**What you will do**
From the data below, restate every line word for word.

**Source material**
■ ■ ■ ■

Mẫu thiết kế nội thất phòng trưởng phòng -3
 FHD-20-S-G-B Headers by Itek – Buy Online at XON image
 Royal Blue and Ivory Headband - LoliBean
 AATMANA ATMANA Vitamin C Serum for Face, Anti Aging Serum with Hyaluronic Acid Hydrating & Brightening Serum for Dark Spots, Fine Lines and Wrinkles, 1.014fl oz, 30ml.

■ ■ ■ ■

**Answer space**
Mẫu thiết kế nội thất phòng trưởng phòng -3
 FHD-20-S-G-B Headers by Itek – Buy Online at XON image
 Royal Blue and Ivory Headband - LoliBean
 AATMANA ATMANA Vitamin C Serum for Face, Anti Aging Serum with Hyaluronic Acid Hydrating & Brightening Serum for Dark Spots, Fine Lines and Wrinkles, 1.014fl oz, 30ml.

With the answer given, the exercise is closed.